» **INPUT MATERIAL**:
'''

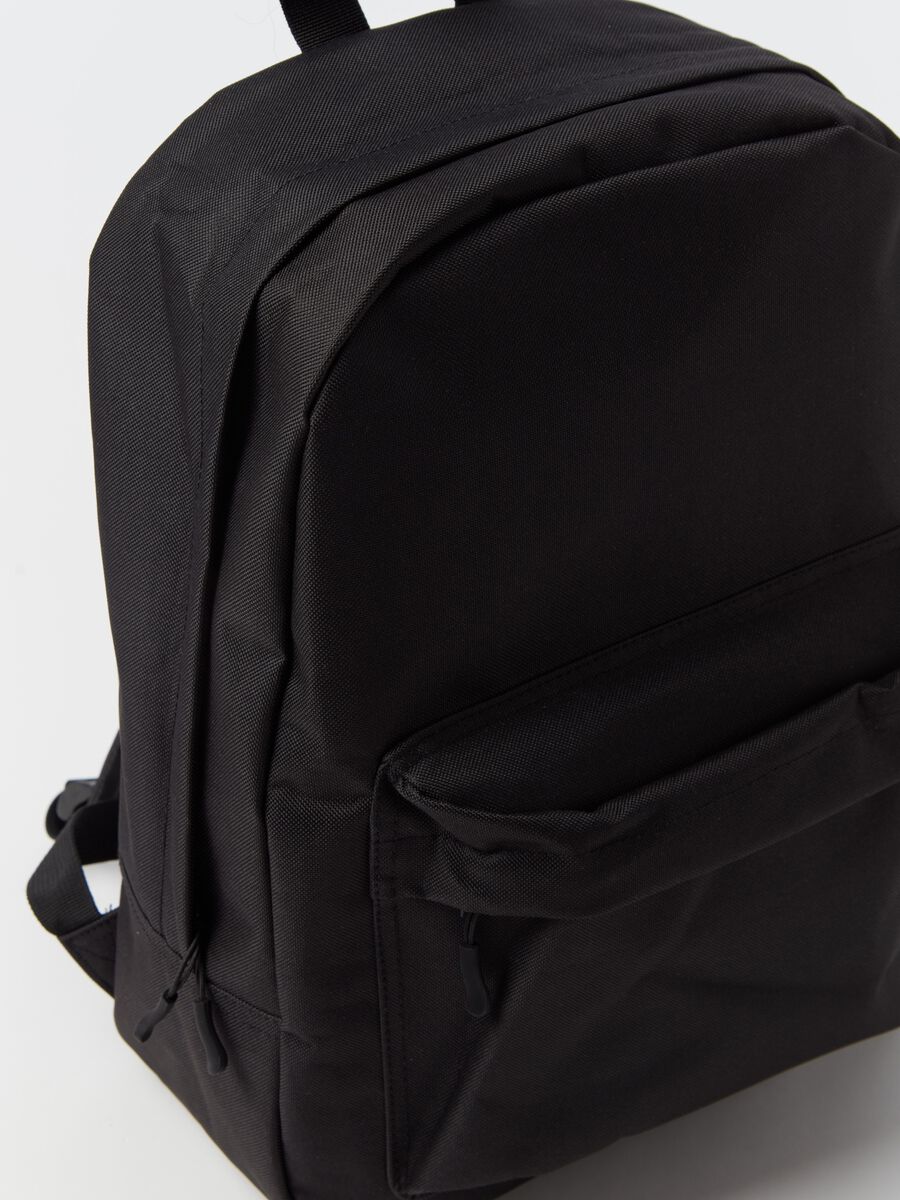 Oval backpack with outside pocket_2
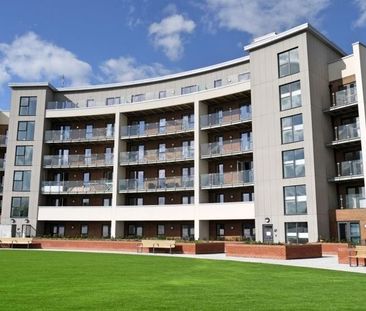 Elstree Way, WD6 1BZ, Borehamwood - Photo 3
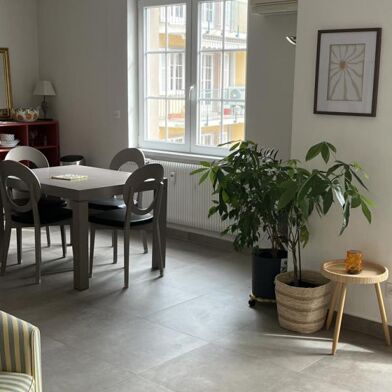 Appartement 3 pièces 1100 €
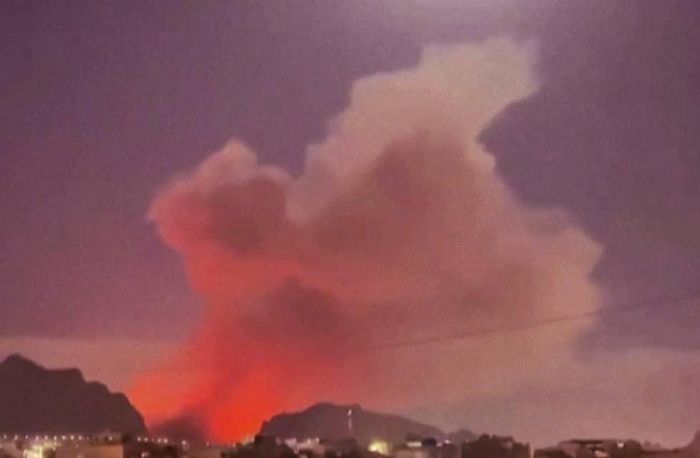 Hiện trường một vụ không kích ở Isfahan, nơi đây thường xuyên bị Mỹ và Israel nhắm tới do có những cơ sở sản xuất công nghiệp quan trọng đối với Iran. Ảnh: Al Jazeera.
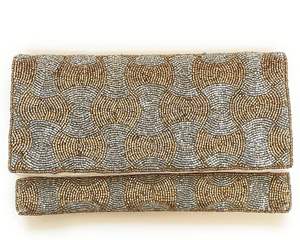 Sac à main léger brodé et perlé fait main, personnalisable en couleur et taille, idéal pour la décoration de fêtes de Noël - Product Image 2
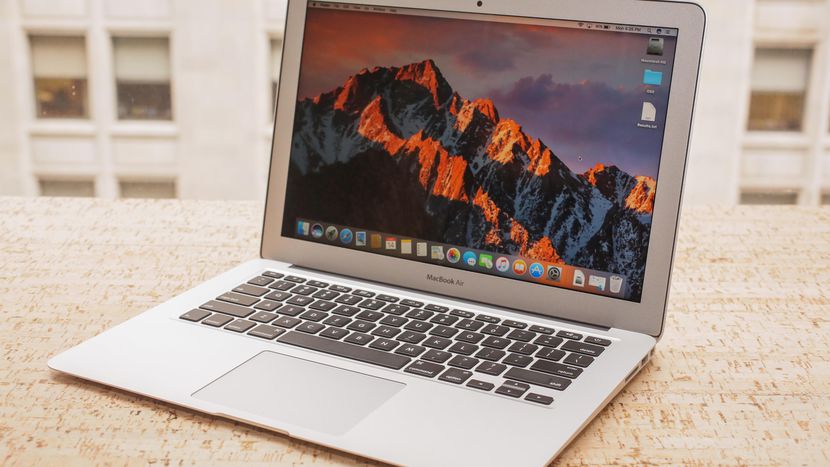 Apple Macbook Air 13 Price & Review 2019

'''
'''

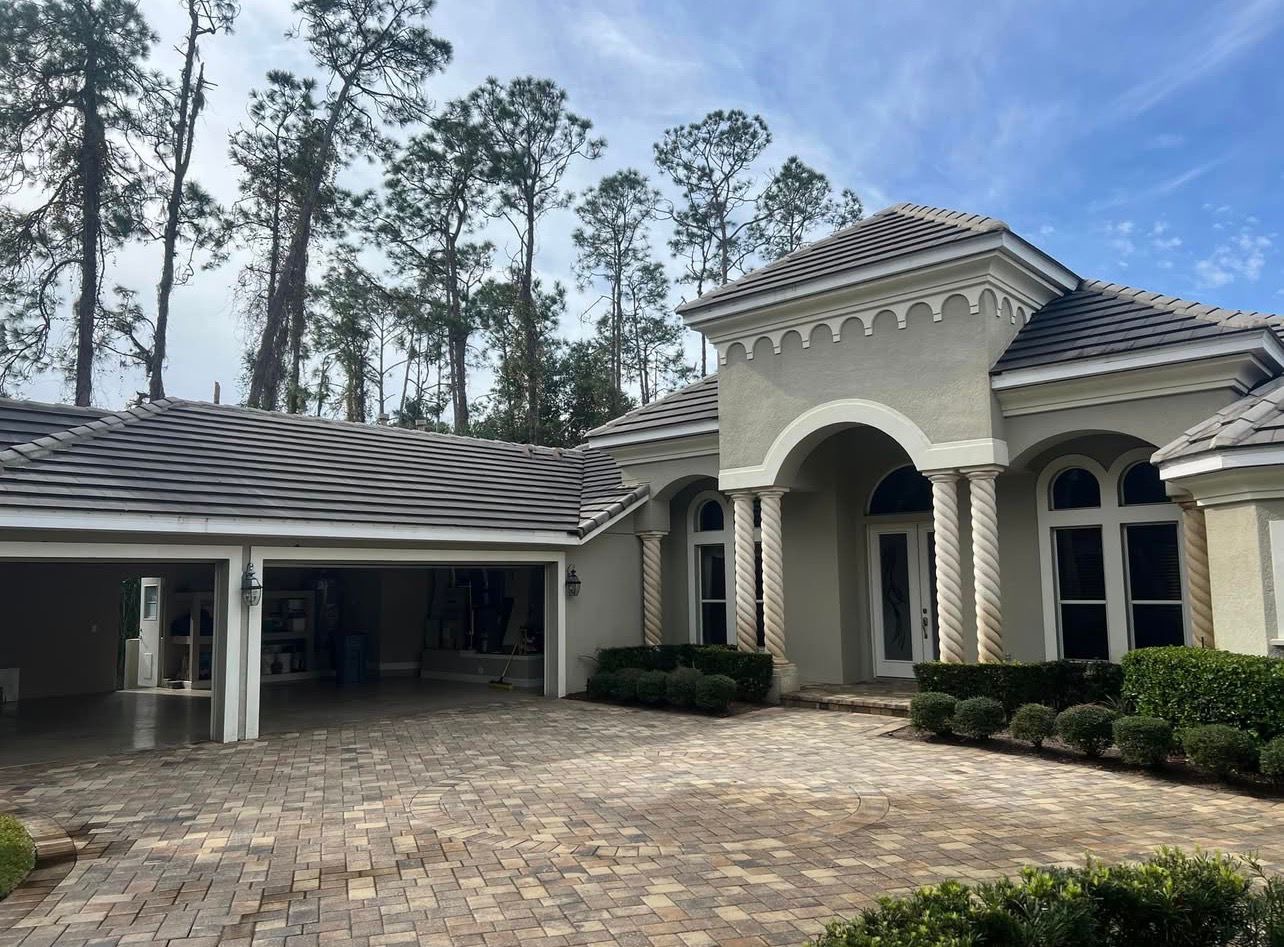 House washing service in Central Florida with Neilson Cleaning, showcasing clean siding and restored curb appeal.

'''
'''

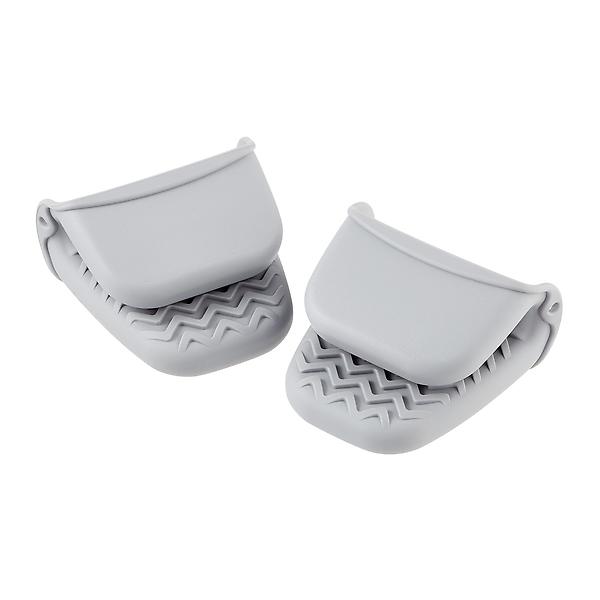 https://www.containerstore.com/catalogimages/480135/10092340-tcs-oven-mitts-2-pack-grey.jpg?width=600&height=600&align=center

'''

» **AIM OF THE TASK**: For the entries above, print exactly the lines between the one with "Oval backpack with outside pocket_2" and the one with "Apple Macbook Air 13 Price & Review 2019", inclusive, with no pictures.

» **EXPECTED ANSWER**:
 Oval backpack with outside pocket_2
 Elstree Way, WD6 1BZ, Borehamwood - Photo 3
 Appartement 3 pièces 1100 €
 Hiện trường một vụ không kích ở Isfahan, nơi đây thường xuyên bị Mỹ và Israel nhắm tới do có những cơ sở sản xuất công nghiệp quan trọng đối với Iran. Ảnh: Al Jazeera.
 Sac à main léger brodé et perlé fait main, personnalisable en couleur et taille, idéal pour la décoration de fêtes de Noël - Product Image 2
 Apple Macbook Air 13 Price & Review 2019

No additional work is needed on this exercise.